--- Problem to solve ---
Could you print the stretch of lines below from the one with "Άνδρας όρθιος, φοράει" through the one with "7988 Magnolia Square", exactly as they stand and without any pictures?

--- Data to process ---
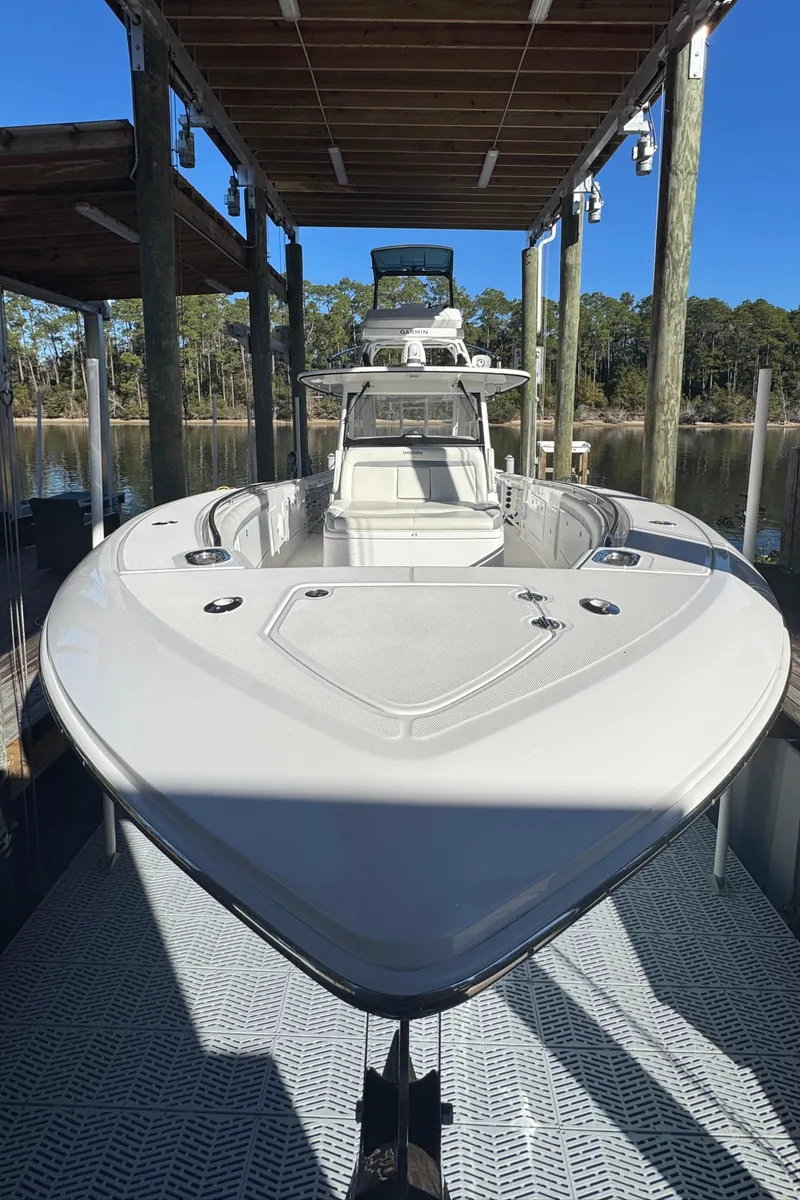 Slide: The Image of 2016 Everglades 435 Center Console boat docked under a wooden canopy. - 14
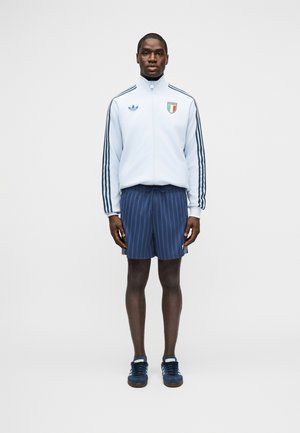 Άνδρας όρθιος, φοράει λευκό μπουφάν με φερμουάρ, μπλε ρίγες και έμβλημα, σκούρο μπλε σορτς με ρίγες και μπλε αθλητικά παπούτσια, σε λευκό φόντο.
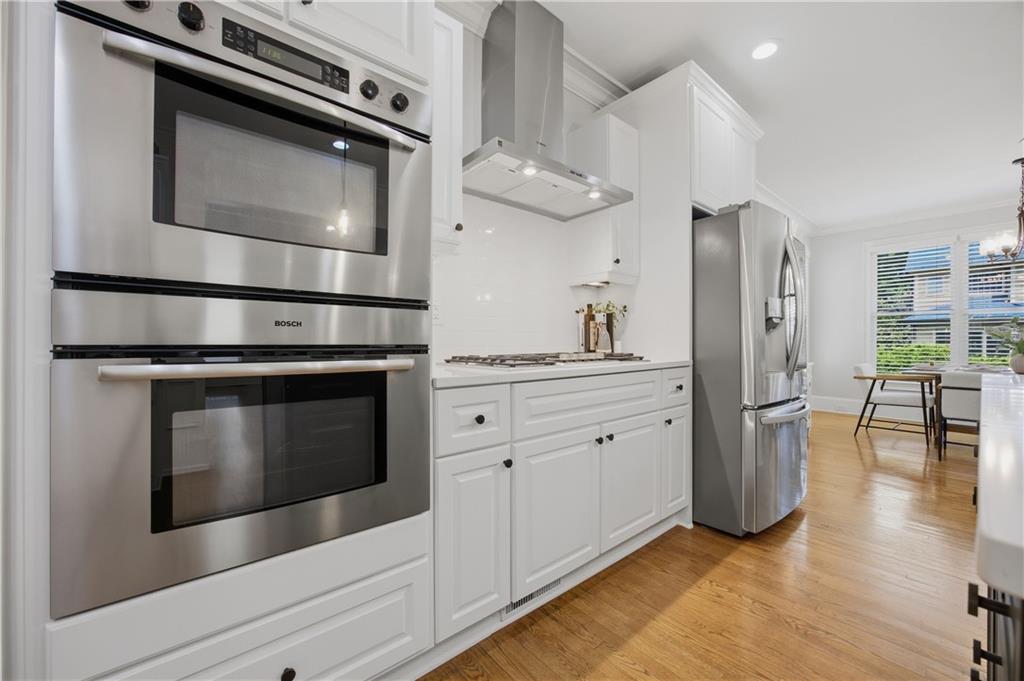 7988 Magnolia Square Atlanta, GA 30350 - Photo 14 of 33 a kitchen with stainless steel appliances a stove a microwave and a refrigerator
* * *
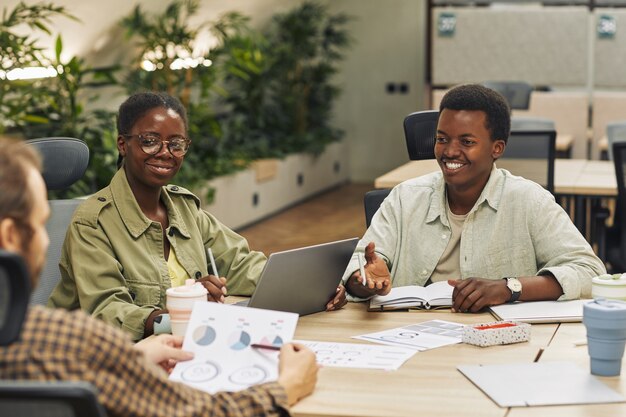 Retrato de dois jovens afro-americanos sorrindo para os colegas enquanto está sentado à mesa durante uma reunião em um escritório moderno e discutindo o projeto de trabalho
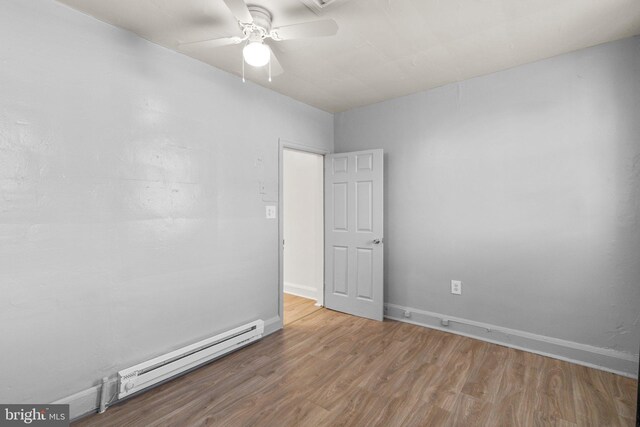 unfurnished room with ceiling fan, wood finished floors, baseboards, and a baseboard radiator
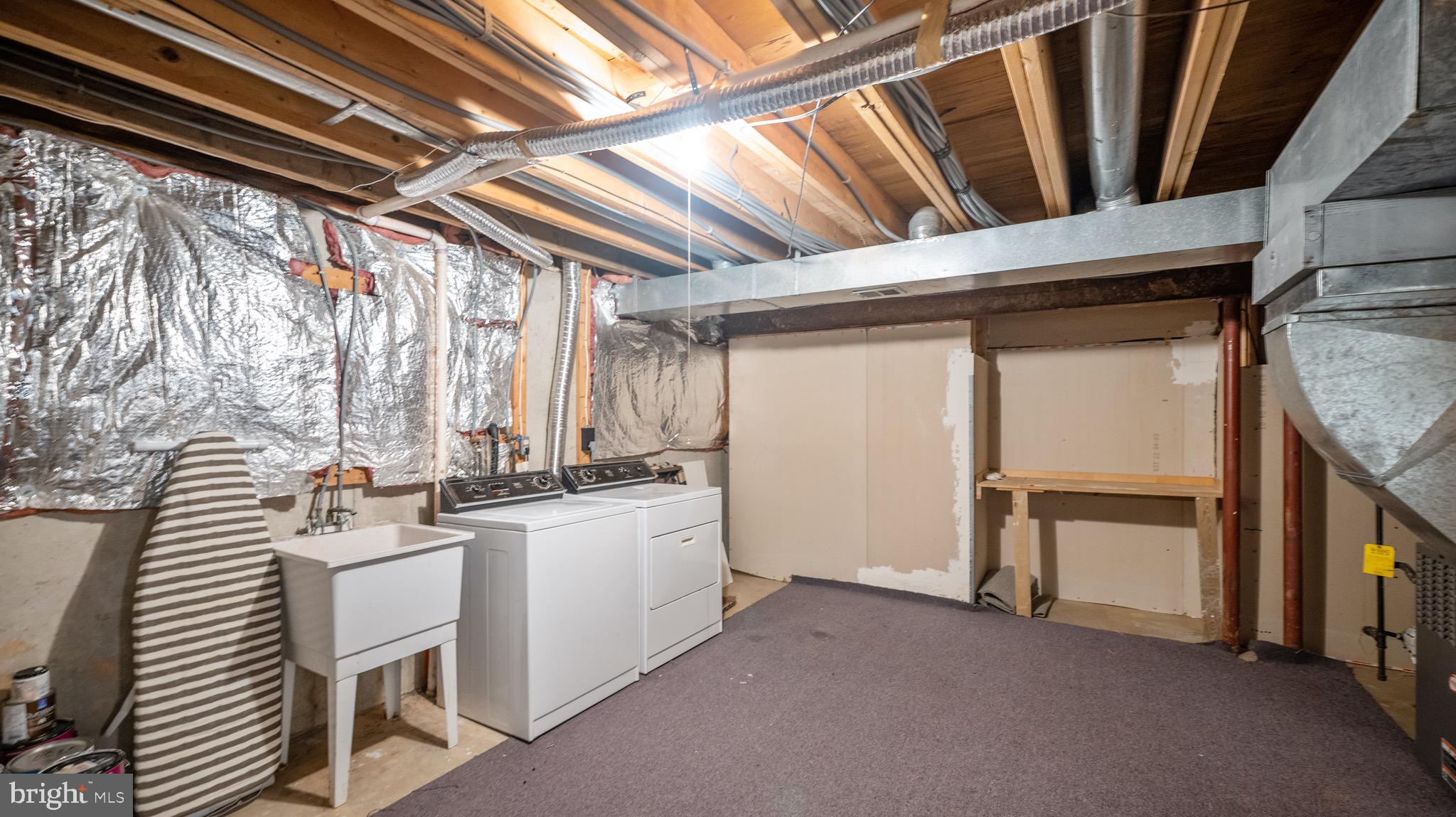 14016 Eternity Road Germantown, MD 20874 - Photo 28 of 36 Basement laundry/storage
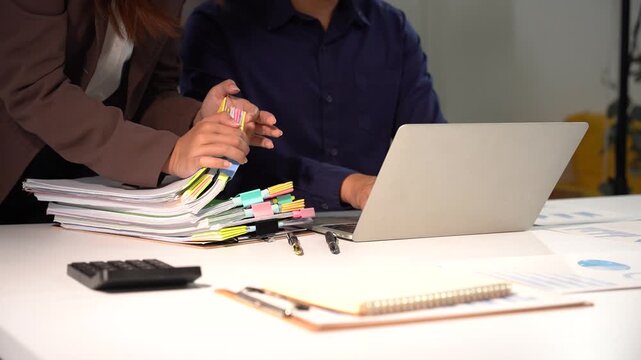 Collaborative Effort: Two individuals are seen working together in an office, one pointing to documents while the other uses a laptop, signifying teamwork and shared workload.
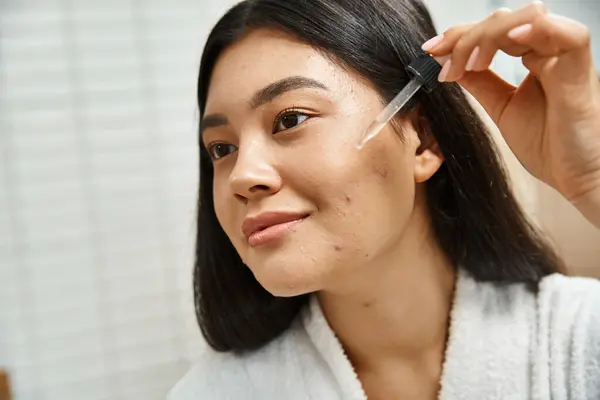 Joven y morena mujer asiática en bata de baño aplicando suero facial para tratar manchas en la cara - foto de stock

--- Solution for this problem ---
 Άνδρας όρθιος, φοράει λευκό μπουφάν με φερμουάρ, μπλε ρίγες και έμβλημα, σκούρο μπλε σορτς με ρίγες και μπλε αθλητικά παπούτσια, σε λευκό φόντο.
 7988 Magnolia Square Atlanta, GA 30350 - Photo 14 of 33 a kitchen with stainless steel appliances a stove a microwave and a refrigerator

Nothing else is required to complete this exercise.